Build A Tribe Around The Company: Tod Sacerdoti, the founder of Brightoll, has a great post on the importance of creating a Tribe in a startup (in addition to other invaluable startup advice). His perspective greatly influenced our goal of building a Tribe around Armory. A startup is, by definition, doing something impossible (otherwise it wouldn't be a startup), and doing impossible work requires a lot of understanding and support, not just from the people working in the startup, but also from the support network -- the spouses, families, and friends. We specifically prioritize events that will foster the creation of a Tribe, and we offer family-friendly perks and benefits, including free companion airfare anytime we send someone on a business trip.

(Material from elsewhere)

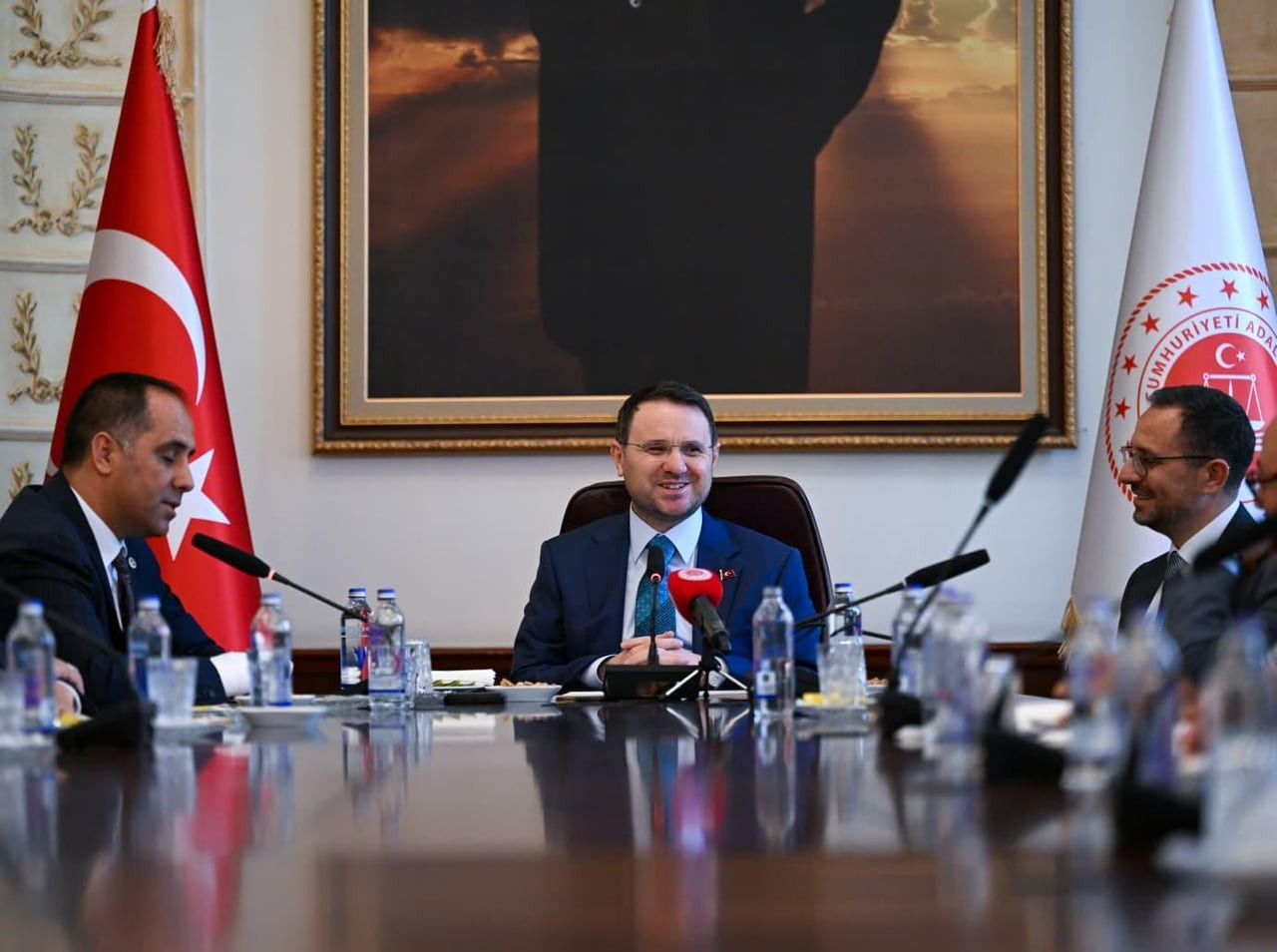 ADALET BAKANI AKIN GÜRLEK, "MUHTARLAR İNSANLARIN DERTLERİNİ DİNLER. MUHTAR DEVLETİN EN TEMEL...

We've applied these Matryoshka Russian stacking doll principles at Armory via three maxims we live by. These are dedicated to optimizing the product around the customer, the company around the product, and the tribe around the company:

  • One hour of talking to customers is worth 8 hours sitting in the office
  • Why Are We Building This? Do We Need To Build It Now? [1]
  • The Tribe Is Not Built from 9 to 5

I can blog more about these Maxims and how we use them to guide our decision making if anyone wants to hear details on that or some of the other things I've learned over my past startups (like doing 10 year founder vesting); just drop a comment in below. You can also read my CEO Manifesto on Armory's blog to learn more about how I'm building Armory.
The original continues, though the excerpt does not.